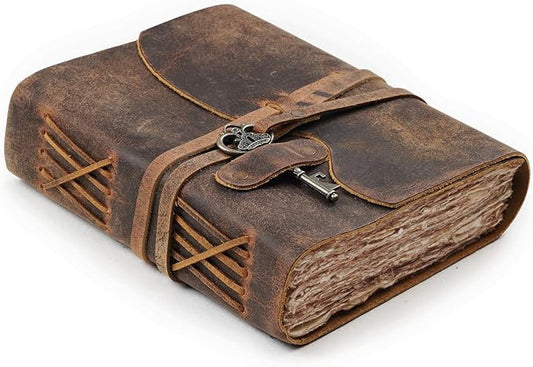 LEATHER VILLAGE Vintage Leather Journal – 200 Handmade Vintage Deckle Edge Paper – Leather bound Journal For Women Men – Vintage Key Closure - Book of Shadows - Cappuccuno Brown - 13X8 inches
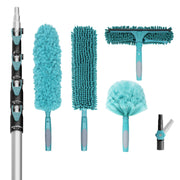 TelesPro 30 Foot High Reach Duster Kit - 6-24FT Extension Pole for High Ceiling Dusting and Window Cleaning, Includes Telescopic Window Washer, Squeegee, Cobweb Duster, Fan Duster, and Feather Duster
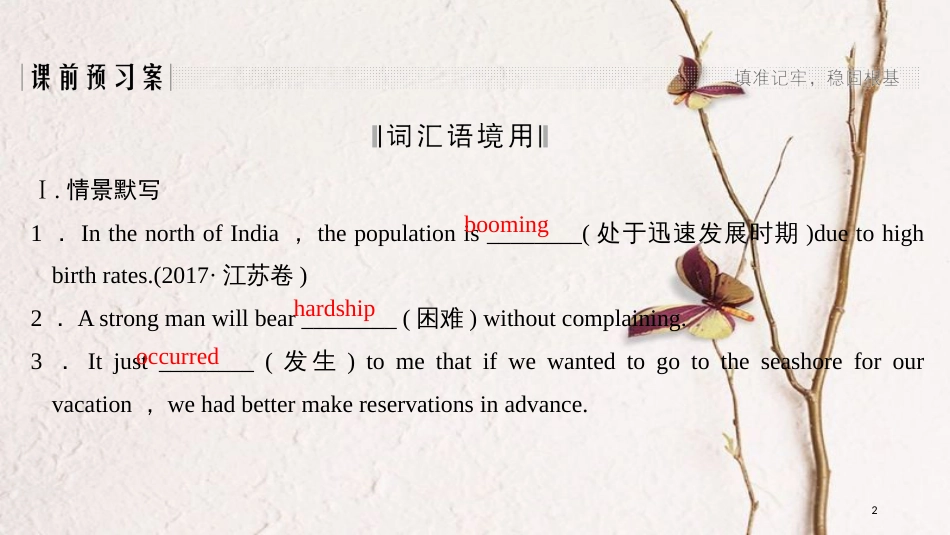 （全国版）2019版高考英语一轮复习 第一部分 Unit 1 A land of diversity课件 新人教版选修8_第2页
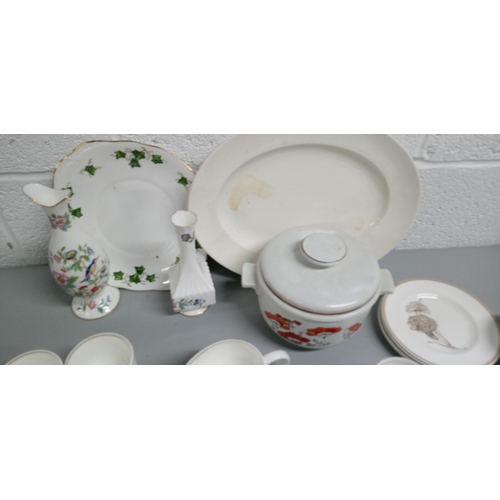 270 - A Mixed Lot of Assorted China including Susie Cooper, Wedgewood, Aynsley and more. 

CRATE NOT INCLU... 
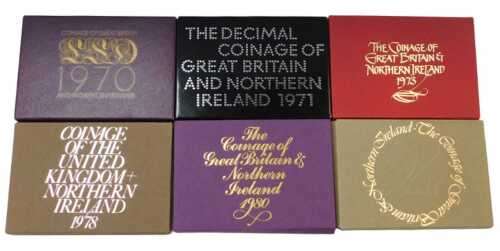 Six Coinage of Great Britain coin sets, for 1970, 1980, 1973, 1992, 1978, and 1971.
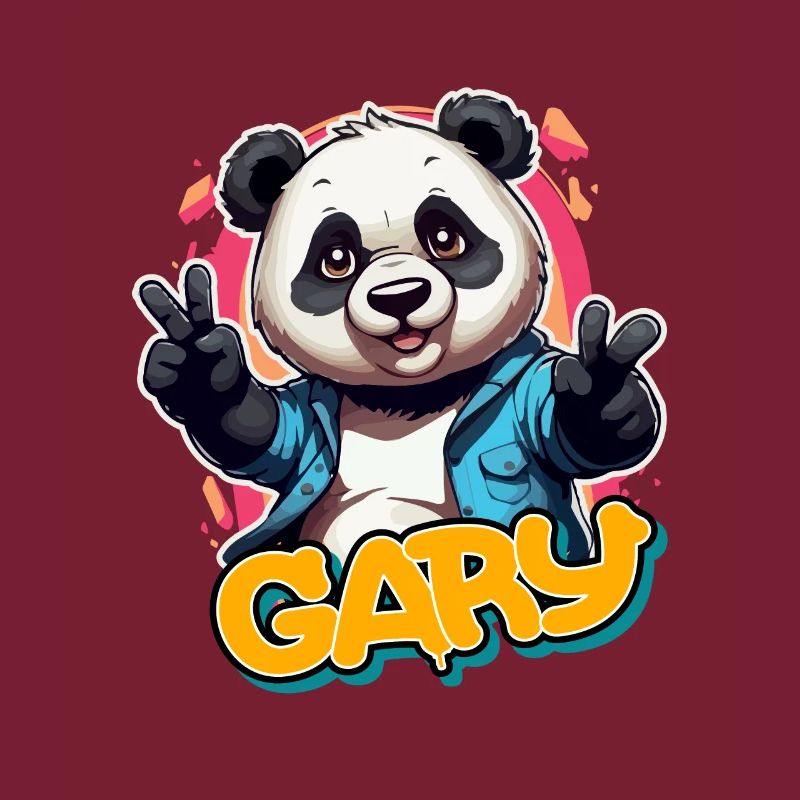 GARY - Handsome Boy Name with Cool Panda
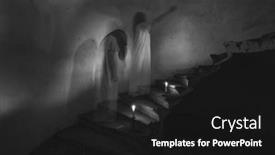  Presentation with ghost spirit - PPT theme with ghost-in-abandoned-haunted-house background and a black colored foreground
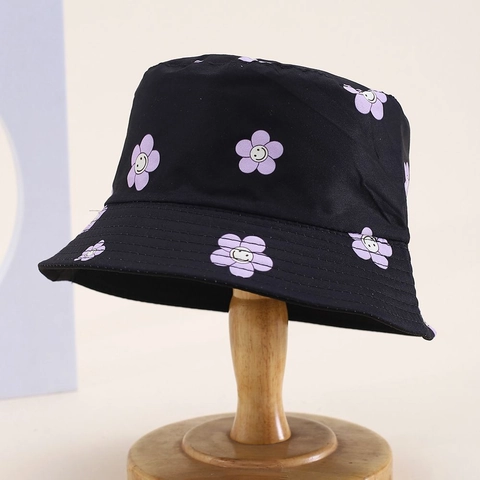Kids Reversible Bucket Hat Polyester Smiley Flower Print Sun Protection Wide Brim Outdoor Beach Sun Hat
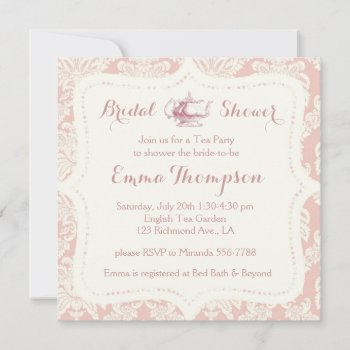 Vintage French Pink Cream Damask Bridal Tea Party Invitation by riverme at Zazzle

——

Range to copy from the listing above: the line with "CRATE NOT INCLU..." through the line with "Kids Reversible Bucket". Transcribe it exactly and skip the pictures.

#### RESPONSE BELOW
CRATE NOT INCLU... 
 Six Coinage of Great Britain coin sets, for 1970, 1980, 1973, 1992, 1978, and 1971.
 GARY - Handsome Boy Name with Cool Panda
  Presentation with ghost spirit - PPT theme with ghost-in-abandoned-haunted-house background and a black colored foreground
Kids Reversible Bucket Hat Polyester Smiley Flower Print Sun Protection Wide Brim Outdoor Beach Sun Hat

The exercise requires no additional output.